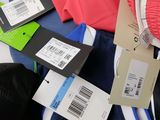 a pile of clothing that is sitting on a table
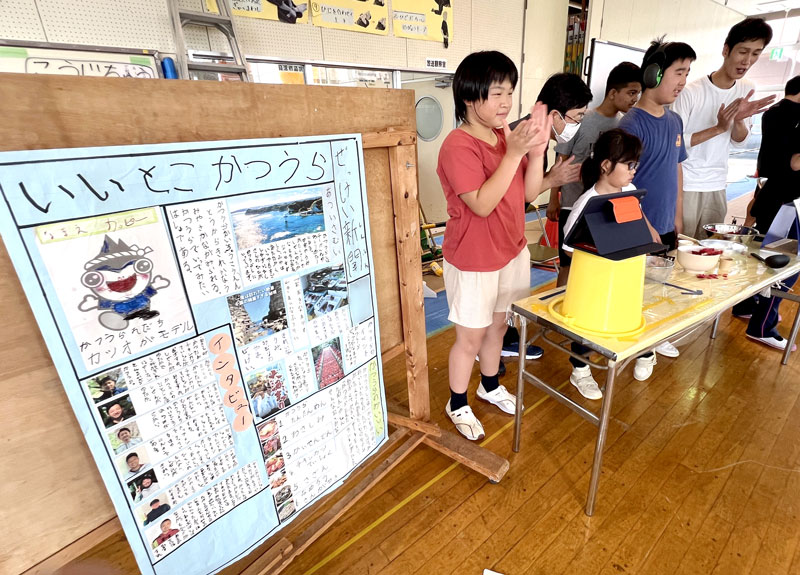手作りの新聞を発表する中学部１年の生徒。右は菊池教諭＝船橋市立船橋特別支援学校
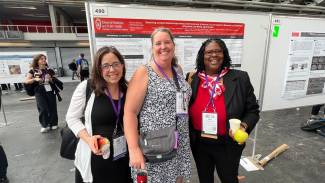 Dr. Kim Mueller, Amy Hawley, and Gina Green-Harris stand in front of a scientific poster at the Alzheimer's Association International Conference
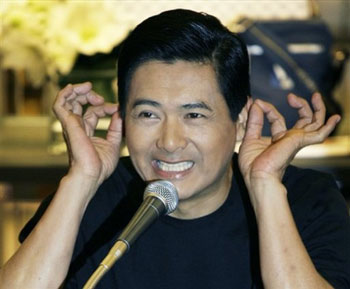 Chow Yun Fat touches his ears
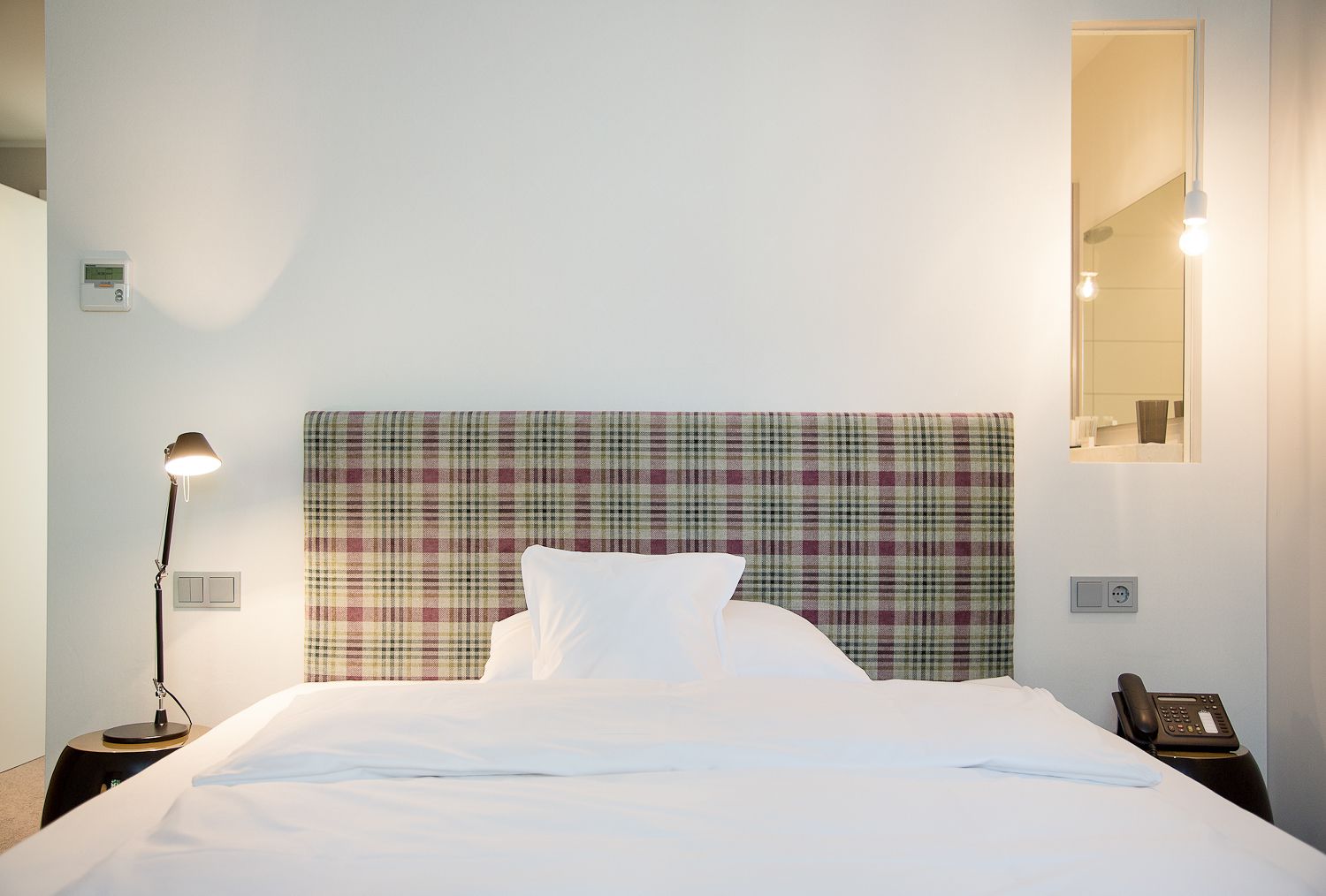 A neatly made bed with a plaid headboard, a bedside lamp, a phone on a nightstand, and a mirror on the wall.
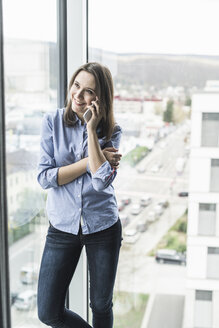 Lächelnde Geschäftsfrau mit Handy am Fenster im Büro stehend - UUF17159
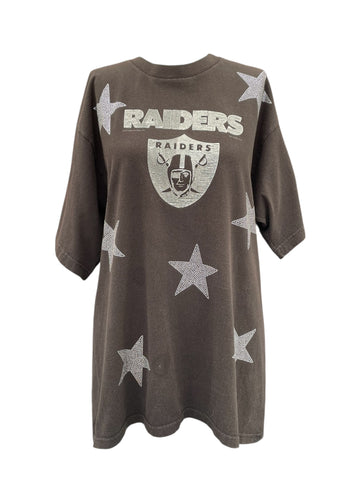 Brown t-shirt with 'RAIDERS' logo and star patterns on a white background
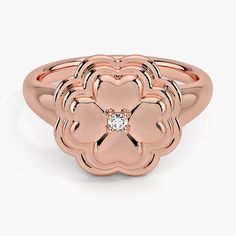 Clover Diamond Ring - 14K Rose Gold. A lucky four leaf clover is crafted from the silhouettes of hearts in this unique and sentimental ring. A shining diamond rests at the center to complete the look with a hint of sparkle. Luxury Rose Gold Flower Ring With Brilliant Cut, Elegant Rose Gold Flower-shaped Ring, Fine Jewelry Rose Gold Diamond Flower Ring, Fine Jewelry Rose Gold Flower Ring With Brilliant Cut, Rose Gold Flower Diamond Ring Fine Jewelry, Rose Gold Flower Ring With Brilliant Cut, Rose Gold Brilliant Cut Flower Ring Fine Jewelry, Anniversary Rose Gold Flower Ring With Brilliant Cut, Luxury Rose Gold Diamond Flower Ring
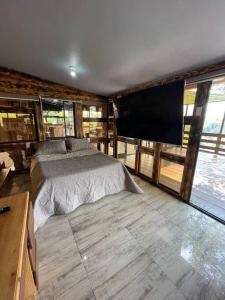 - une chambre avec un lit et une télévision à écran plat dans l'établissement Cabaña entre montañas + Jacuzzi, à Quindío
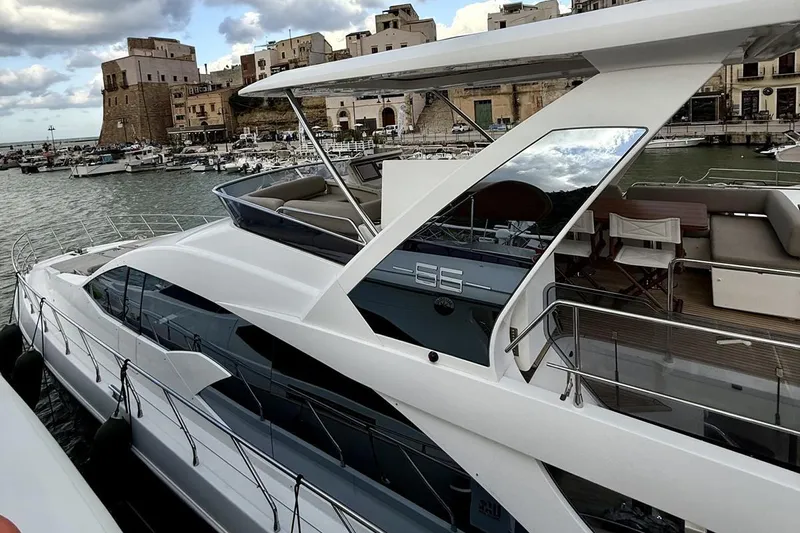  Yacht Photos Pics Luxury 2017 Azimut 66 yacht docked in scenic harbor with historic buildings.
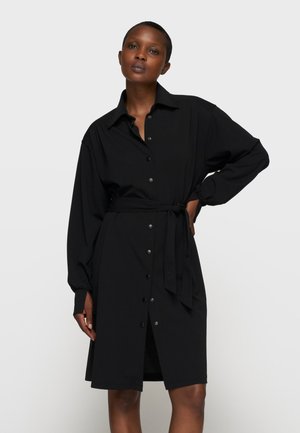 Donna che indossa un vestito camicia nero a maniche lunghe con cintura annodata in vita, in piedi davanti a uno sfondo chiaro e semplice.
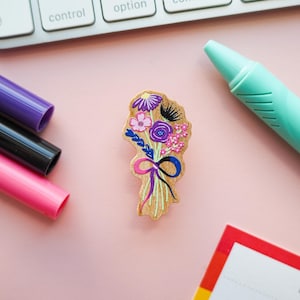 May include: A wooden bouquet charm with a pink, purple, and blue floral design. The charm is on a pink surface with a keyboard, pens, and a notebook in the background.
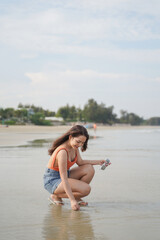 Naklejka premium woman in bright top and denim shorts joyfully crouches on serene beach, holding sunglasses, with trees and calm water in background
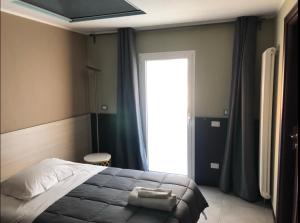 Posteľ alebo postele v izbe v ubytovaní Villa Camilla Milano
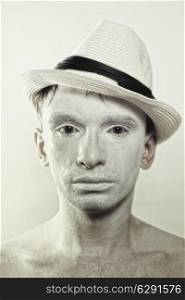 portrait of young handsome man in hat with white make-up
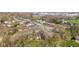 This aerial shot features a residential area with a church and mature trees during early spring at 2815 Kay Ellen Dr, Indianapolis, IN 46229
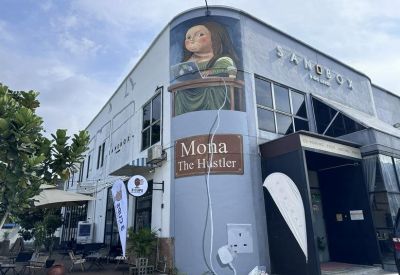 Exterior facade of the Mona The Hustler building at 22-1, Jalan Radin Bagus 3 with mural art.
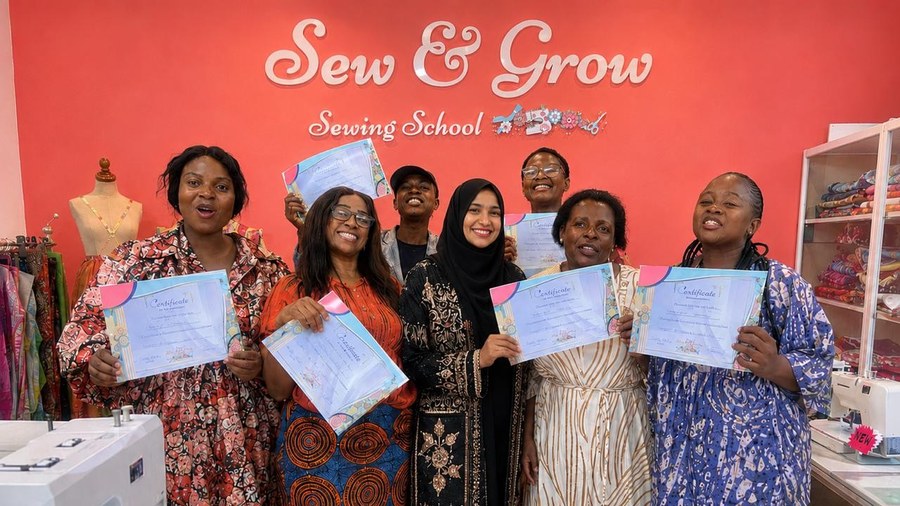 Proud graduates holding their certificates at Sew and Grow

==================================================

### Work to be completed
From the material above, output only the span of lines that starts at the one containing "A neatly made" and finishes at the one containing "Clover Diamond Ring", word for word and free of pictures.

### Solution to the exercise
 A neatly made bed with a plaid headboard, a bedside lamp, a phone on a nightstand, and a mirror on the wall.
 Lächelnde Geschäftsfrau mit Handy am Fenster im Büro stehend - UUF17159
 Brown t-shirt with 'RAIDERS' logo and star patterns on a white background
 Clover Diamond Ring - 14K Rose Gold. A lucky four leaf clover is crafted from the silhouettes of hearts in this unique and sentimental ring. A shining diamond rests at the center to complete the look with a hint of sparkle. Luxury Rose Gold Flower Ring With Brilliant Cut, Elegant Rose Gold Flower-shaped Ring, Fine Jewelry Rose Gold Diamond Flower Ring, Fine Jewelry Rose Gold Flower Ring With Brilliant Cut, Rose Gold Flower Diamond Ring Fine Jewelry, Rose Gold Flower Ring With Brilliant Cut, Rose Gold Brilliant Cut Flower Ring Fine Jewelry, Anniversary Rose Gold Flower Ring With Brilliant Cut, Luxury Rose Gold Diamond Flower Ring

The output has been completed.